Some use much higher PSA (like 10), PSADT, time with normalized T levels, fixed time (e.g., 2 years), symptoms, radiographic progression, or some combination of them. It depends on what you're comfortable with.
10 seems excessive and contrary to some recent studies that favor 2. From one of my oncologists:
“Yeah the original SWOG IADT study was flawed for many reasons including the fact that they let patients go up to a 10 before restarting hormones. We go to a 2 before restarting ... and we think that's much safer.”
No, it doesn't. You would need a prospective, randomized clinical trial to show that.
Ask yourself these questions about your linked retrospective study:
(1) How did they select the patients who ended their ADT vacation at 1.0 ng/ml? How did they select those whose vacation ended at 4.0 ng/ml?
(2) Because "progression-free survival" is largely defined by biochemical progression (there was no significant difference in clinical progression-free survival), and probably occurred when PSA reached 2.0 ng/ml, Group 1 is forced to have a longer progression-free survival.
(3) What was the total amount of vacation time both groups had before clinical progression occured? (the follow up seemed to be just one vacation cycle)
I’ve been bitching and shit for years and was about to update my vacation status after my March 11th visit!!!! But......
It’s clear as day that either ADT or Eligard (or a combination of both) is what beat the living shit out of me!! Being asymptomatic prior to ADT and once on vacation for 9months or so, I’m finding my way back to the old me, is proof enough for me!!!

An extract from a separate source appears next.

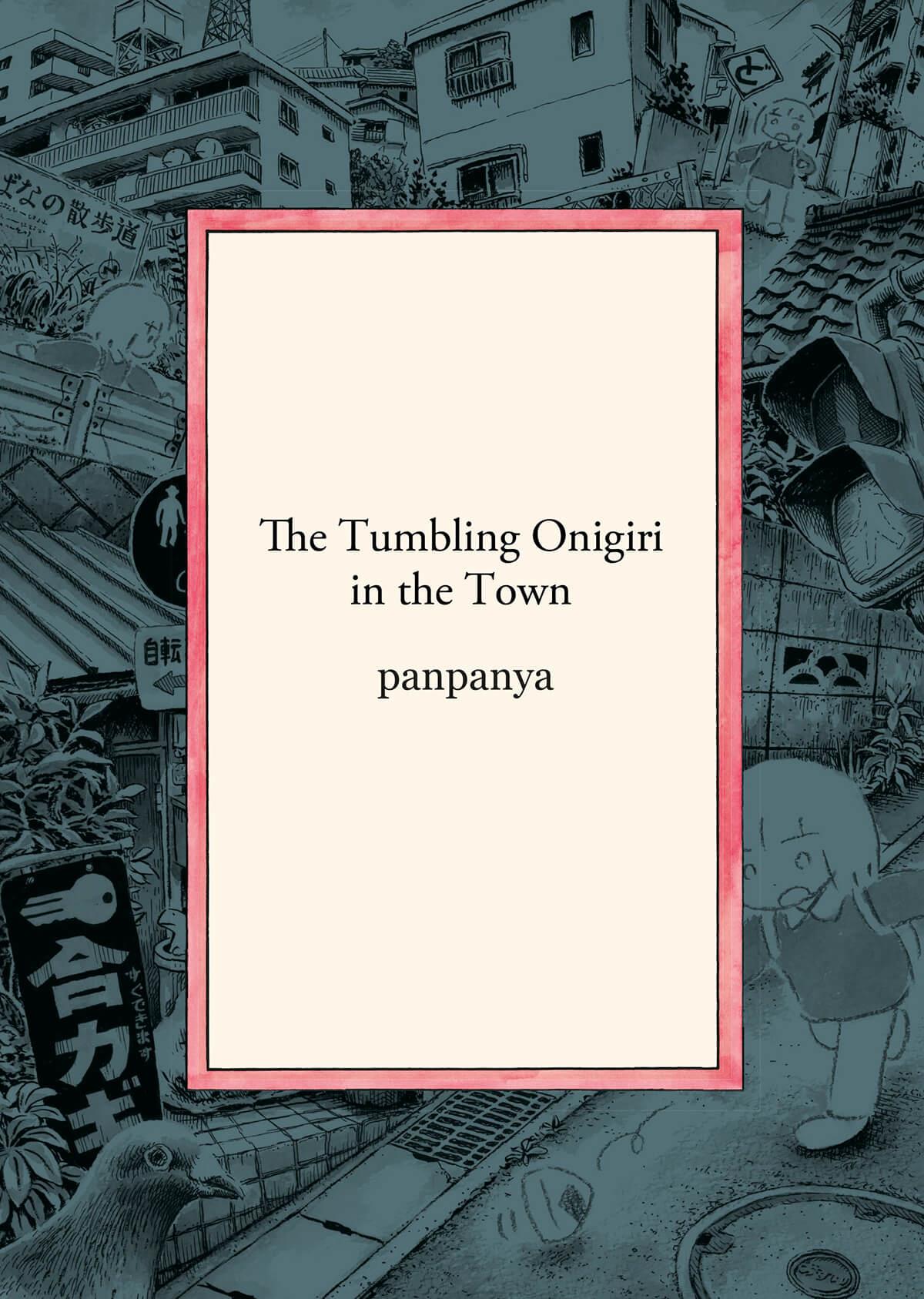 The tumbling onigiri in the town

As of this writing, ALL ANDROPAUSE SYMPTOMS ARE G.O.N.E.
Not going list all right now! But I feel really good, except for ongoing penile rehab and my cognitive issues that are worsening at best!!! I more and more fear that “really really stupid” will be a new normal. Now we can add the decline of verbal agility so now.... I sound stupid!!!!

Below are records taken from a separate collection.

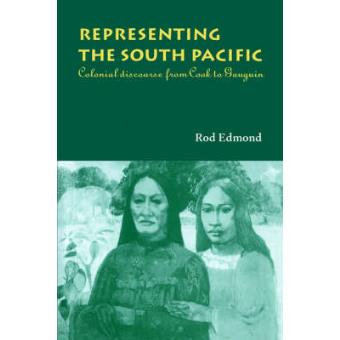 Representing the South Pacific - Colonial Discourse from Cook to Gauguin - Hardback - 1997 - 1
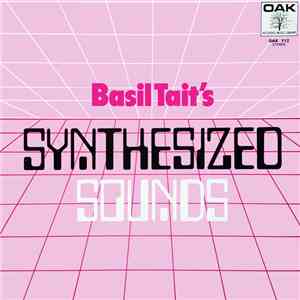 Basil Tait - Basil Tait's Synthesized Sounds download free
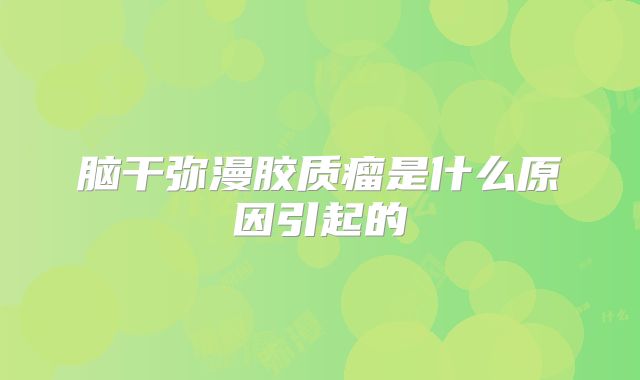 脑干弥漫胶质瘤是什么原因引起的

Time will tell when as my T continues to rebound (?). Plus, It has been 16mo’s +/- since my last 3mo injection but it hasn’t been a year since ADT stopped.
Nov 9, 2018 last 3mo shot PSA >0.1 / T 18
Feb 9, 2019 vacation start
June 9, 2019 6mo +/- Bloodwork PSA >0.1 / T 19 (still full blown ADT)

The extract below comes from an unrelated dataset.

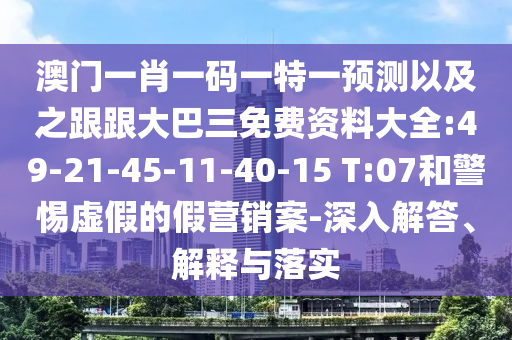 澳门一肖一码一特一预测以及之跟跟大巴三免费资料大全:49-21-45-11-40-15 T:07和警惕虚假的假营销案-深入解答、解释与落实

Nov 13, 2019 2nd 6mo +/- Bloodwork PSA 0.1 / T 103 (T rebound start)
March could be a good month for both of us! It looks like your T (the numbers at least) came back very quickly. Dr said mine was near 0. I just hope it increases as your ...faster than the PSA so I can enjoy a few months at least. Best of luck on your visit.
I was surprised (as was my Url.) that my T was only 103 based upon how I reported that I could notice the hot flashes, mood swings, no libido etc melting away between June and Nov, and even better now!!! Psychosomatic (????) maybe but who cares!!!! The net result is good.
Castration as defined on Eligard spec’s is 50. So to be @103 in lieu of 300 to 700, I would not consider being a quick rebound. Granted it enough to reverse andropause symptoms but there are still the side effects that went far beyond the norm! ADT has left me as dumb as a f$&king stump. We’re hoping that more T will relieve that too! If T does not rebound (or raise, as I don’t have a baseline to determine “rebounding”) by March and my PSA IS BEHAVING, they want me to consider T therapy to provide the boost needed to judge whether it will alleviate the remainder of issues. Inherent to this is the risk of waking the beast so not an easy call on my part!!!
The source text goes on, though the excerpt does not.